En un horizonte de recepción profundamente codificado por los discursos del aliado/enemigo de cara a los excombatientes, ¿cómo ha sido el contraste en la recepción entre Colombia y otros países en los que la has proyectado?

Por ejemplo en Perú fue muy interesante, porque fue un país que tuvo también una historia guerrillera, la de la insurgencia de Sendero Luminoso. Cuando fui a presentarla a Perú, llegó un ex ministro de Justicia a ver la película. Al final, se me acercó y me dijo: “Oiga, qué verraquera de película. Me encantaría que hubiera un registro así en nuestro Perú, porque ese registro humano nunca se hizo, y eso le hizo falta a nuestra paz con Sendero Luminoso”. Ese personaje, que ya había hecho la paz con otra guerrilla en otro país, se dio cuenta de la importancia de la película en cuanto a su componente humano. A él le parecía que hacia allá tenía que girar el arte de su país: retratos más humanos y menos políticos de su propio conflicto. 

En Francia y en Europa los espectadores la perciben como vintage, el conflicto armado les suena a algo anacrónico. El mismo productor francés, cuando la presentó en el Ficci, dijo que se había metido a hacer esta película porque a él como europeo le gustaría entender por qué la guerra en Colombia y en ciertas partes del mundo era como un vinilo rayado: como que gira y gira y recomienza el ciclo. Y para ellos es un poco eso: es muy absurdo que siga la guerra. Y esa posibilidad absurda también hace pensar que Latinoamérica se escapa a sus marcos de comprensión.

Cuatro años después, ¿qué has sabido de los guerrilleros a los que retrataste?

Lo digo al final con una cita de Nietzsche: “Deben amar la paz como un motivo para nuevas guerras”. Eso es lo que ha pasado. Ellos se dieron cuenta de que esa paz seguía siendo una guerra. Por eso el documental se llama La paz, porque la paz no es solamente un conflicto externo, sino un conflicto al interior de cada uno de nosotros. Ellos siguen en ese proceso: muchos convencidos de que hay que seguir montados en el proceso, y por otro lado, otros que me cuentan que están jodidos. Supe de uno a quien se lo llevó el alcohol, por el abandono y esa orfandad en la que quedó de la FARC y el gobierno. Otros a los que mataron y otros que están viviendo su vida nueva en el campo.

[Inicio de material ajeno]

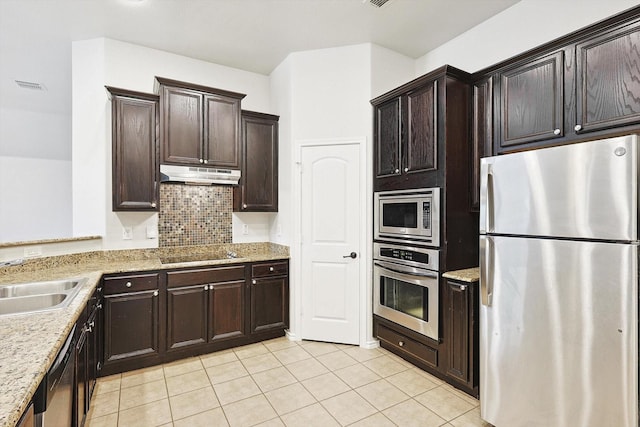 kitchen with appliances with stainless steel finishes, tasteful backsplash, sink, light tile patterned floors, and light stone counters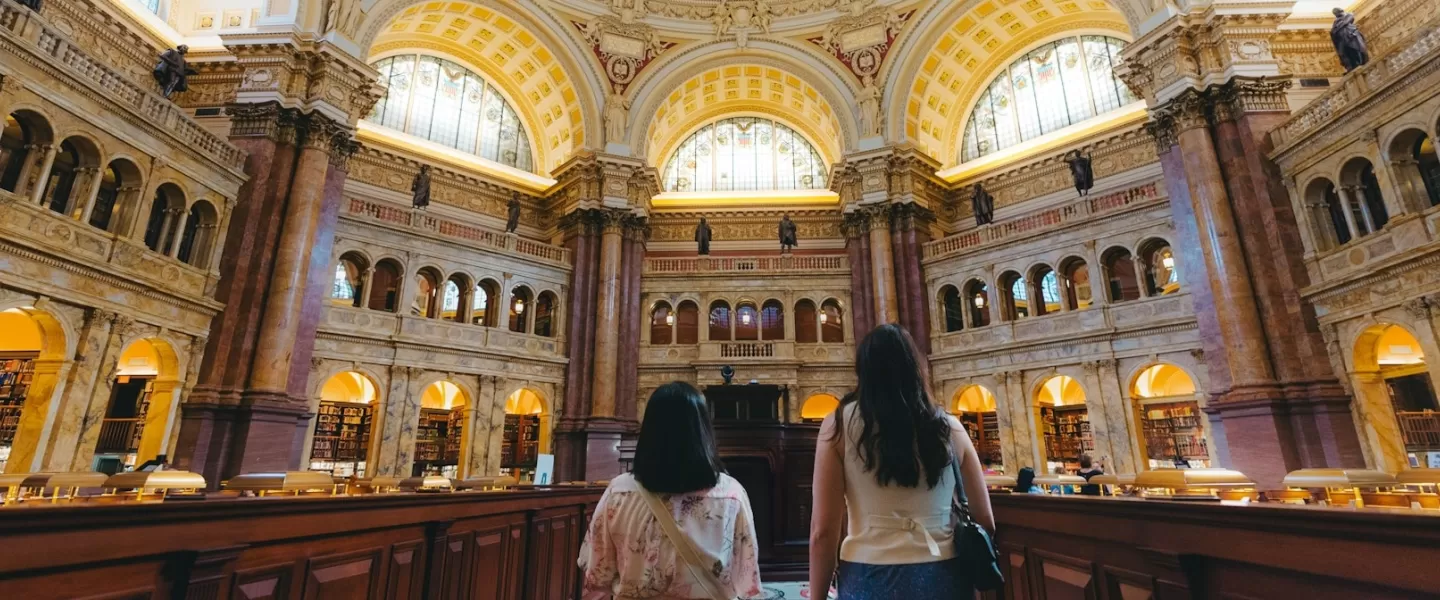 Two people gaze out into the Library of Congress' Reading Room, with grand arches and architecture. 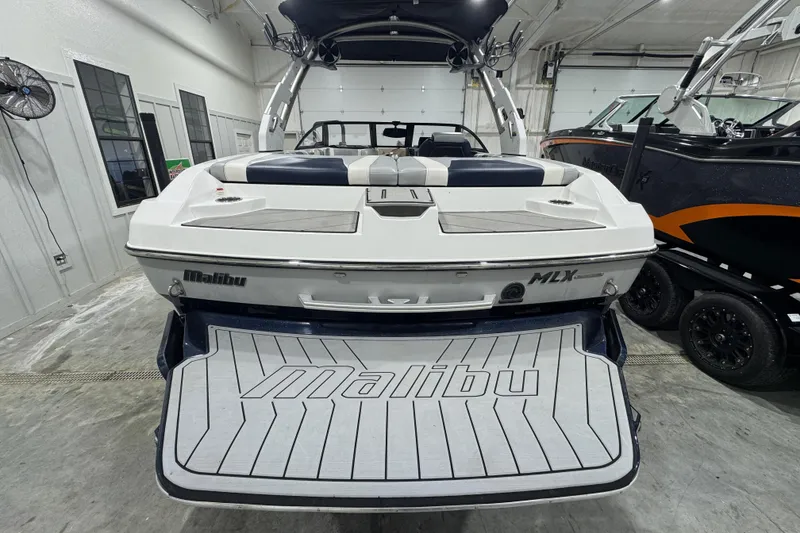 Slide: The Image of 2019 Malibu Wakesetter 21 MLX boat in showroom, rear view with swim platform. - 4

La mutación de este proceso ha sido muy dura. Y hasta que no regulen la coca, ese conflicto seguirá mutando. Todos estos muchachos con los que estuve hasta ahorita están pudiendo ver la película a través de Tanja Niemeyer. Y eso es importante, porque sí quiero que vean que en La paz no sucedió lo que dijo el que pensaba que iba a tergiversarlos con la cámara, sino que respeté completamente su identidad.

El hecho mismo de que exista tu documental es una muestra de lo que han transformado Colombia los acuerdos. Como dice uno de ellos: “Uno tiene muchas historias que contar: buenas y malas. Esto queda pa’ la historia”.

Que esa frase sigue y dice: “¿Será que nosotros somos los únicos malos de esta película?”. Esa pregunta tendremos que seguir haciéndonosla todos los días.